We laughed, and I could tell that Sean was enjoying himself. That was all that mattered tonight. I wanted him to remember he had friends who cared about him and who didn’t want him to be alone and sad. After the waitress brought our orders, Wade invited Sean to stay with his family for a few days.
“Come on, you guys,” Sean said, smiling wryly. “I’ll be fine. I’m not going to flip out or anything.”
“Promise?” I said.
He chuckled. “Yeah.”
“Besides, you already flipped out a long time ago,” Billy joked.
“Very funny.”
To change the subject, Wade and Johnny pestered Mac to tell them more of his daring exploits.
As we dined on fish and chips and burgers, Mac spun a story about another group of Navy SEALs sneaking behind enemy lines somewhere in the Hindu Kush, the mountain range that formed the border between central Afghanistan and northern Pakistan.
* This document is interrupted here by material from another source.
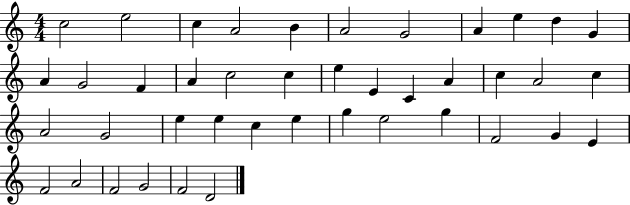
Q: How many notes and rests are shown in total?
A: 42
He had us laughing and shaking our heads at some of the tricks they pulled as they hiked toward their target. Then the story took a sudden dark turn as the men were set upon by knife-wielding Pashtun warriors. The SEALs fought back, but they’d been caught by surprise and it was touch and go for a while.
We were on the edges of our seats as Mac recounted the action.
I kept an eye on Sean as Mac spoke, because his emotions were so clearly reflected on his face. Laughter at first, then wide-eyed amazement, but as the tale turned more frightening, Sean appeared to check out. He looked dazed and no longer reacted to anything Mac was saying. His eyes glazed over and he stared at nothing in particular.
When Mac finished, I elbowed Sean lightly. “You okay, Sean?”
He jerked as if I’d woken him from a deep sleep.
“Oh, wow.” He blinked and shook his head. “Sorry. I zoned out there. Maybe I should go home.”
“No way,” I said. “You haven’t finished your dinner.”
“Yeah, I’m not ready to call it a night yet,” Wade said.
Sean took a deep breath and let it out slowly. “Okay.”
“Sorry the story got a little violent there,” Mac said.
“Hey, no problem,” Sean said, rubbing his temple. “I was just . . . remembering stuff.”
“What kind of stuff?” Mac asked, not willing to let it go. Maybe it would help Sean to talk things through with Mac and the guys.
“Grim stuff,” Sean muttered. “Really ugly stuff my dad said when I got back from juvie. You know, after Lily left.” He sucked in another deep breath and his cheeks expanded as he exhaled slowly. He glanced around the table and then looked directly at me. “I think my father killed Lily.”
* * *
After dinner at the pub, Mac and I convinced Sean to telephone Eric. The chief needed to know that Sean thought his father had been capable of killing Lily. Even if there was no evidence to support it, Eric could use every possible piece of the puzzle to work with as he sought to solve this crime.
It wasn’t as though Sean was betraying his father. That ship had sailed a long time ago. The man was dead and gone. And maybe it was unfair of me to say so, but good riddance.
Mac and I followed Sean home and stayed with him for moral support while he talked to Eric on speakerphone. I was surprised to hear Sean sounding cool, calm, and clear as he pointed out his reasons for believing the worst about his father. Besides his father’s violent temper and history of abuse, Sean remembered something specific that his father had said after Lily disappeared.
“When I told my dad that I wasn’t going to give up until I found Lily, he said, ‘Don’t bother. Where she’s gone, nobody will find her.’”
“Your father told you that?” Eric said, sounding shocked.
“Yeah. He was pretty drunk when he said it, and I demanded to know what he meant. But he brushed me off, just said, ‘She’s gone to hell.’”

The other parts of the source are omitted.